Oh hey guys it’s, wait, oh crap, did I seriously miss two weeks in a row? Wow. I was just worrying about last Thursday, but dang. It may have helped that there are not that many distinct events to report on, but still. I should be ashamed.

Okay, news. I ordered and had arrive some fighting sticks, and while they serve their purpose, they’re loud as heck, and the stick is rather clicky (and reports only three bits worth of data), suggesting I got what I paid for in terms of quality (2 for $55). If I can find a place to buy some buttons and a new joystick, I will finally do some controller modding.

I moved in to college, which is probably what took up the blogging time. I was packing last blogday, so I was basically busy the whole day. In the preceding days I was crushed with the terror of a huge change, which generally resulted in restless paralysis. I will say that I’m glad its over. I knew even then that it would be fine with the passage of time, I just wished time would hurry up and pass already.

Haven’t really met any game dev nerds yet. Many gamers, of both video and Pen-and-paper varieties, but not so much programmers. One guy who wants to start a video game company, but I think he’s a buisness major or something. I will have to make him expound on his interest.

I’ve picked up speed running, against my better judgement.
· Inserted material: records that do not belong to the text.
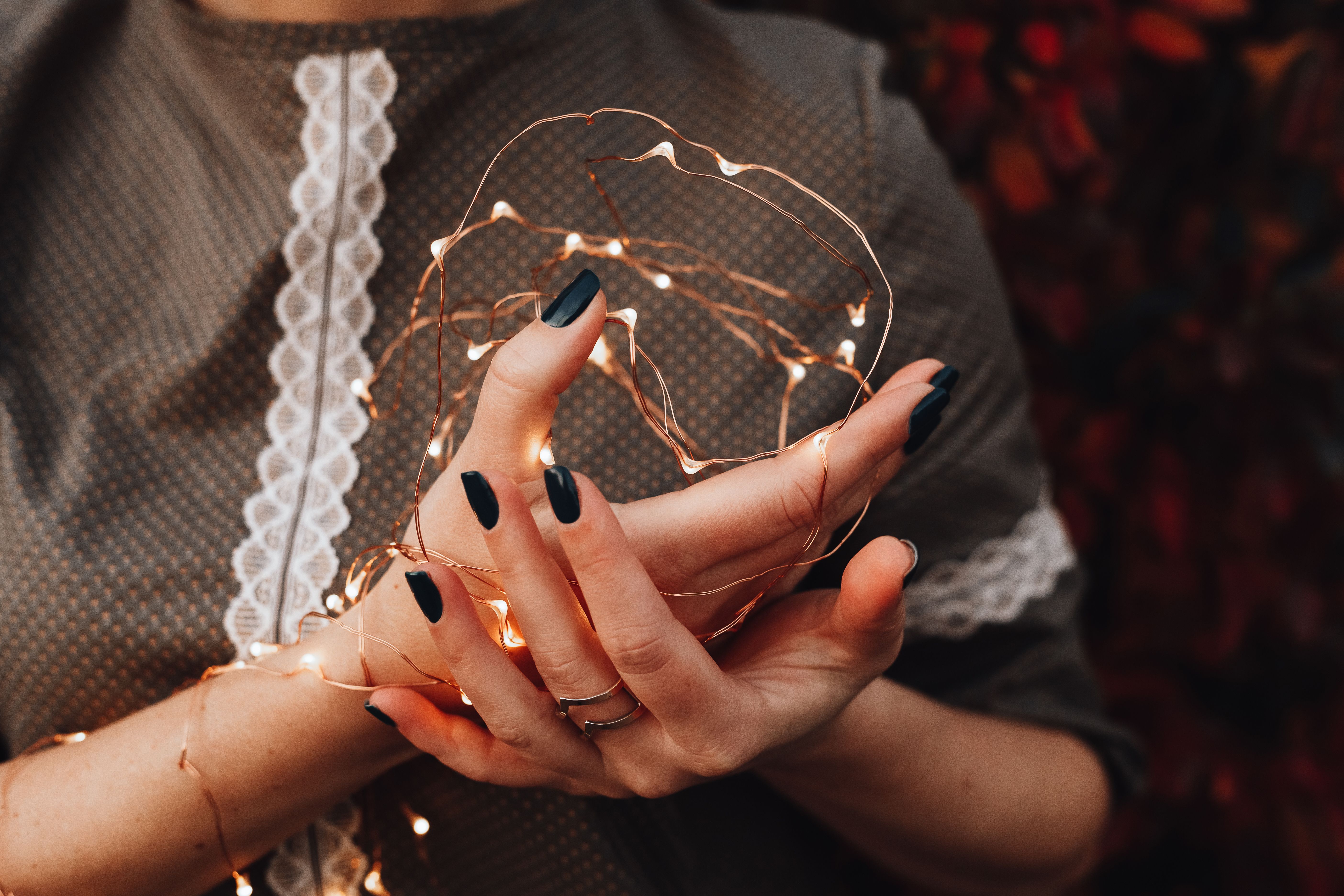 Close-up of hands with black nails holding glowing Christmas string lights in festive ambiance.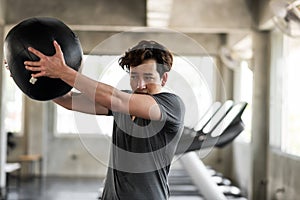 man abdomen exercise with hard ball in gym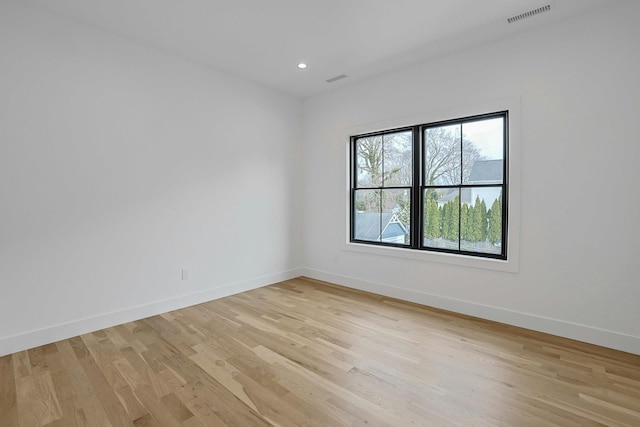 empty room featuring light wood-style floors, recessed lighting, visible vents, and baseboards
I’m one of the few people who runs Electronic Super Joy, which is optimally a 30-or-so minute game, but which takes me that+1/2, so there is definitely still room for improvement. Upon learning that we both played the game, my roommate and I started casually racing SA2B, but that’s a two-day-old endeavor, so we’ll see if it persists.
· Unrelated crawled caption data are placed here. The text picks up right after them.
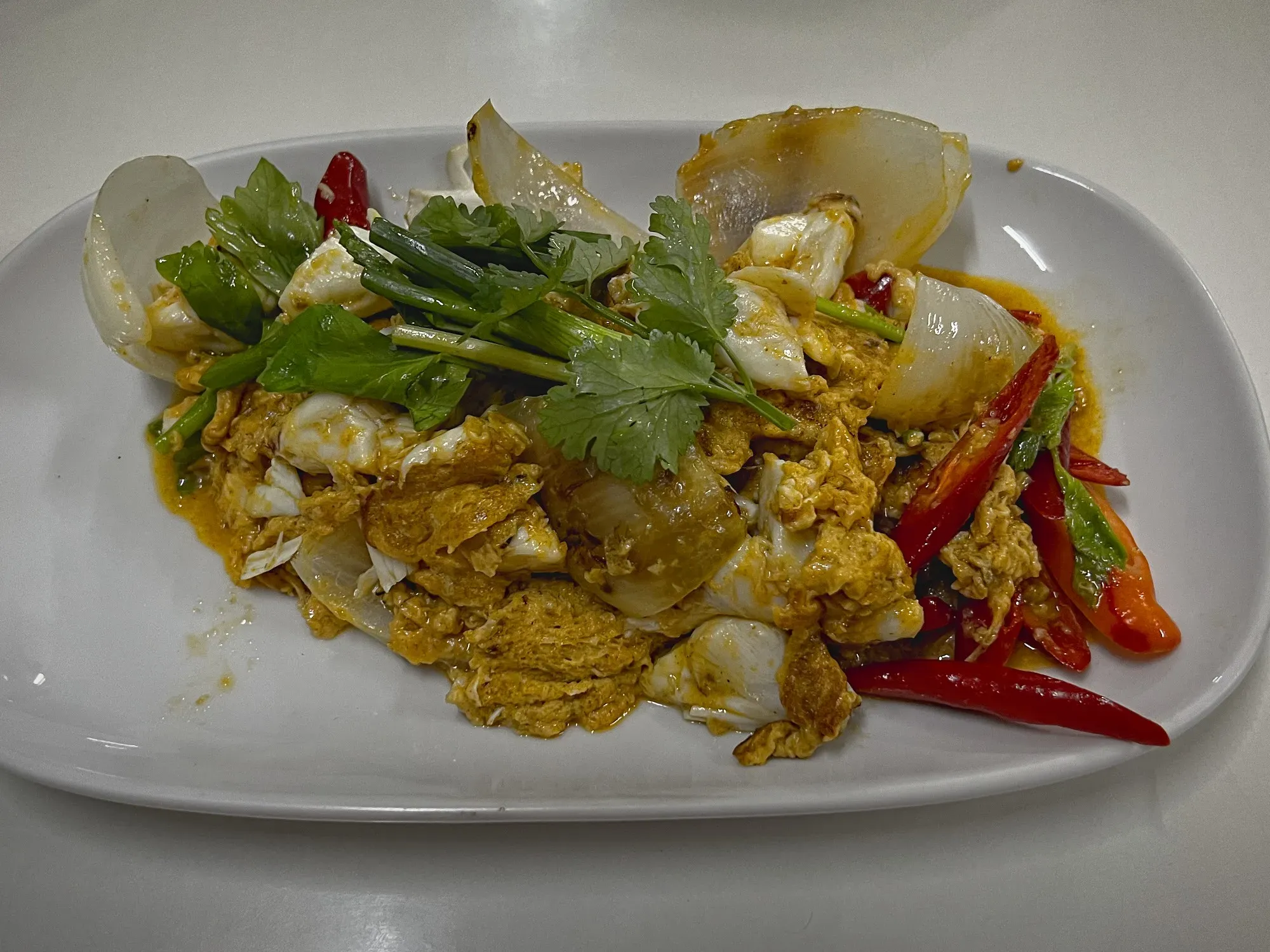 Poo Phad Phong Karee on a serving platter, angled shot.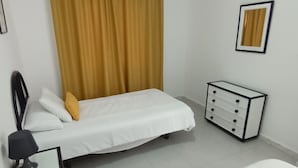 A bedroom with a bed, a bedside table with a lamp, a dresser, and a window with curtains.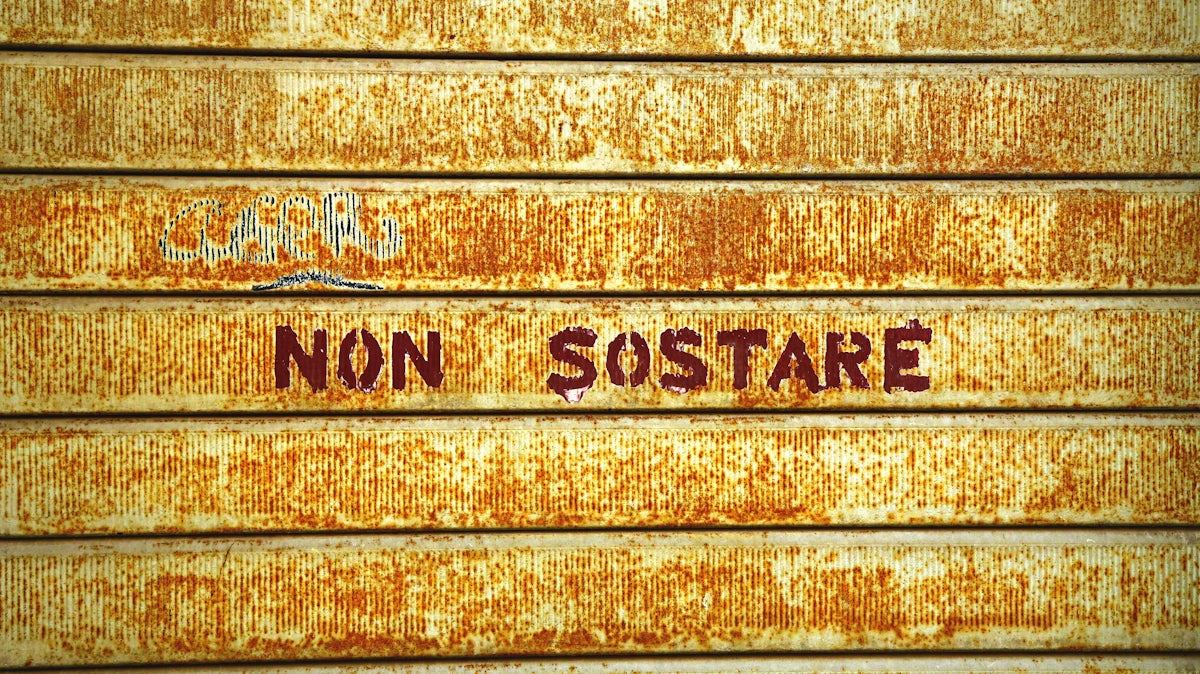 Rusty metal door with non sostare text.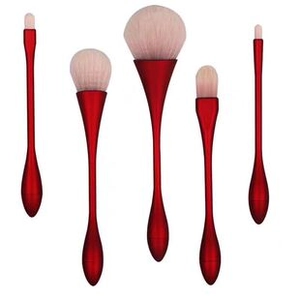 Close-up of 5 red metallic makeup brushes with soft cream bristles on white background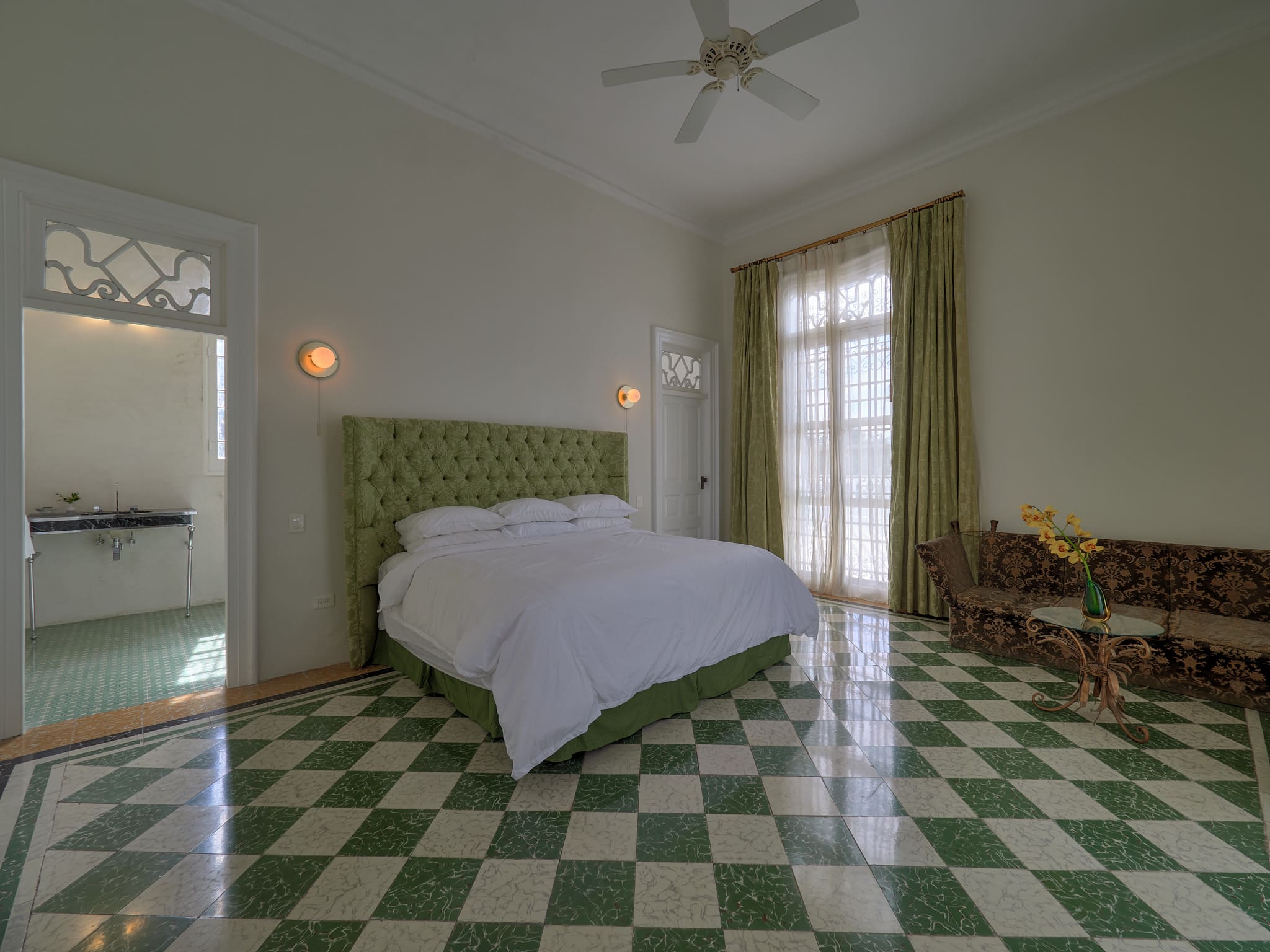 Bright bedroom with green and white checkered floor and large windows.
Speaking of my roommate, he also plays LoL, as a support, so he wants to train me to be a decent ADC. We’ll see where that goes as well.

You’ll note I haven’t mentioned much actual programming happening. That floundered along with the rest of me in the days leading up to the move, but I have something to publish this month. I should be settled in enough by next month to be able to give you something new.

Oh yeah, I said last post I would update you on the quality of Electronic Super Joy, right? Well, I have explored the game rather thoroughly and am pleased to report that it is GOOD. Seriously, go buy it. It is very difficult (occasionally in the style of SMB, occasionally in the style of Super Crate Box, and occasionally in its own special terrible way), so be warned, but very good. I speedrun this game I like it so much. Go buy it. Get the soundtrack, too.

Anything else? If you make games and go to the University of Washington, we should hang out. See y’all.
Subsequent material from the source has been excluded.